Thompson said Gamble is expected to survive but was helicoptered elsewhere “so she can get better care.”
Police said late Thursday that a girl was also shot and was later treated and released, according to WISN.
The viewing began at 10 a.m., with the service getting underway at noon, according to a funeral announcement sent out by King’s family.
In a statement, Racine Police said “multiple shots” were fired at the cemetery at 2:26 p.m. “There are victims but unknown how many at this time. The scene is still active and being investigated,” the statement said. Unnamed family members told local NBC affiliate TMJ4 that five attendees suffered gunshot wounds, though that number was later revised down to two by police.

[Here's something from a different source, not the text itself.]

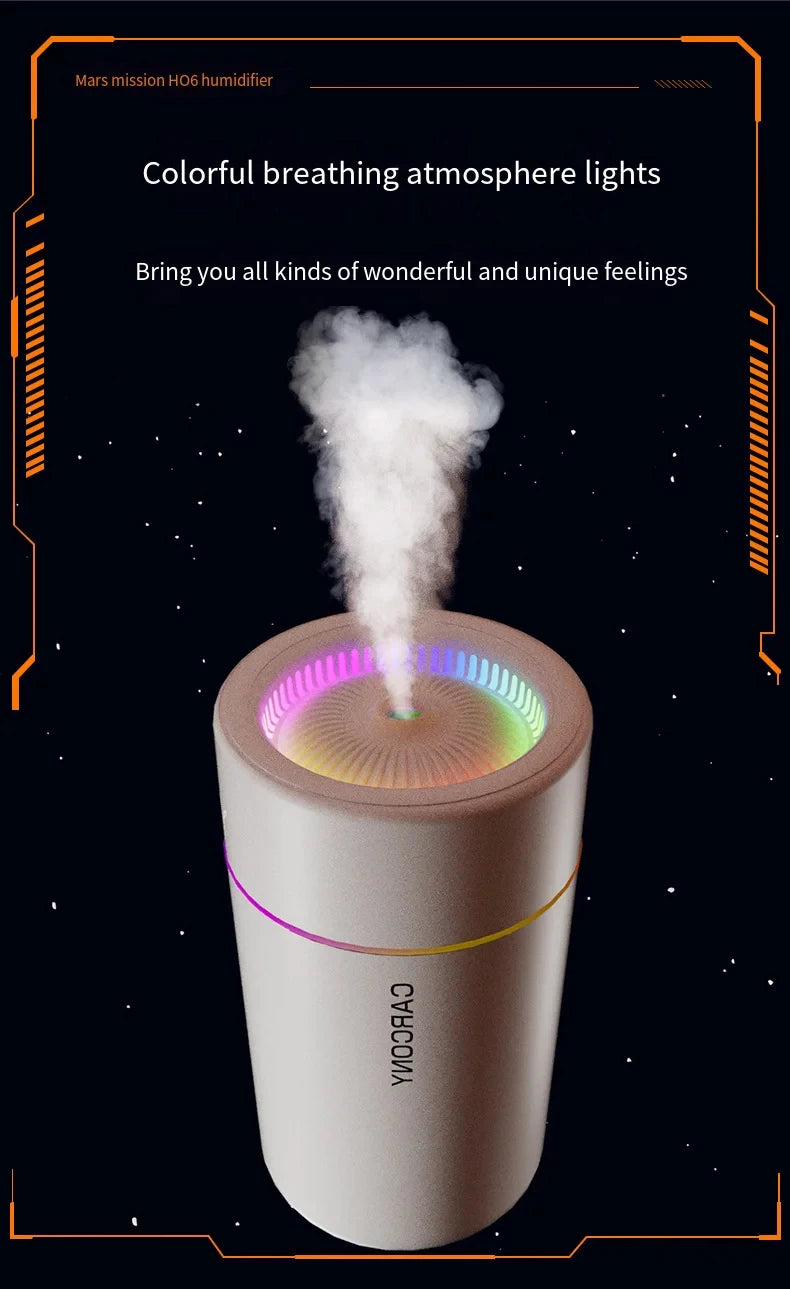 280ML Air Humidifier Large Fog Volume Colorful Atmosphere Light Silent Aroma Diffuser Essential Oils Aromatherapy for Home Car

King was shot and killed by a police officer in Racine during a traffic stop on May 20. Cops said King stepped out of his vehicle holding a gun and refused to comply with orders to drop it. The officer then opened fire, and King was pronounced dead at the scene.

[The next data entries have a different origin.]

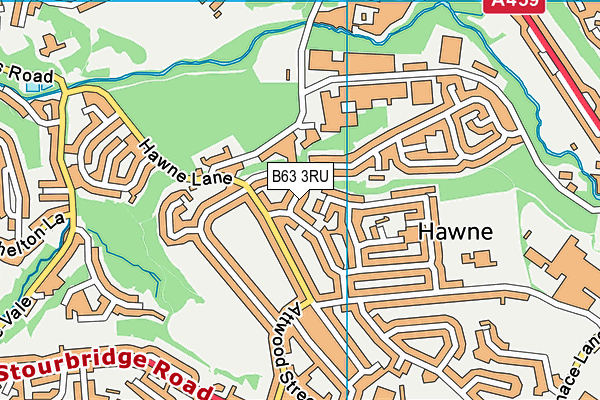 B63 3RU map - OS VectorMap District (Ordnance Survey)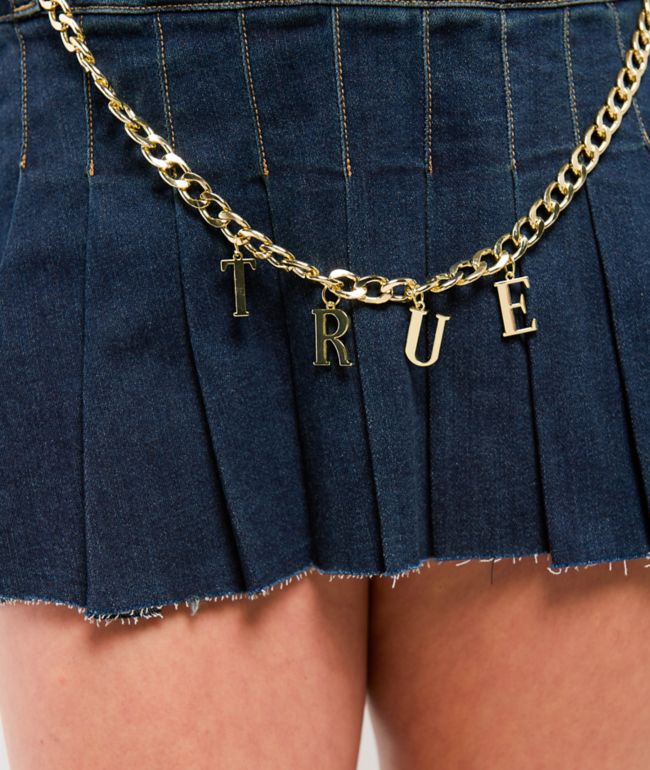 True Religion Chain Belt Dark Blue Pleated Mini Skirt - thumbnail 3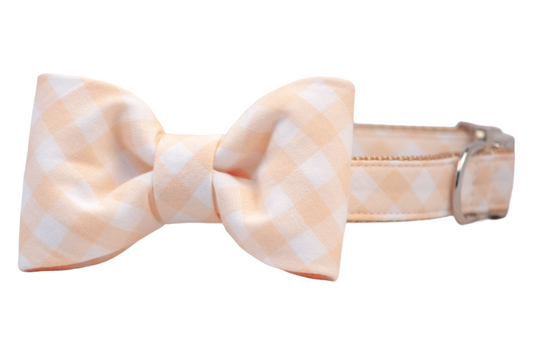 Sandy Check Bow Tie Dog Collar - Crew LaLa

“I’m not going to sit here and sugar coat and act like he is a completely innocent person, that he’s never done any wrong, because he has,” King’s sister Natasha Mullen told local ABC affiliate WISN 12 the next day. But she said the family believed King would have “eventually dropped the weapon and continued running, as they said he’s done in the past,” the outlet reported.
In the same May 21 interview, Mullen described King as “all of our protectors. Not just his children, his nieces, his nephews too.”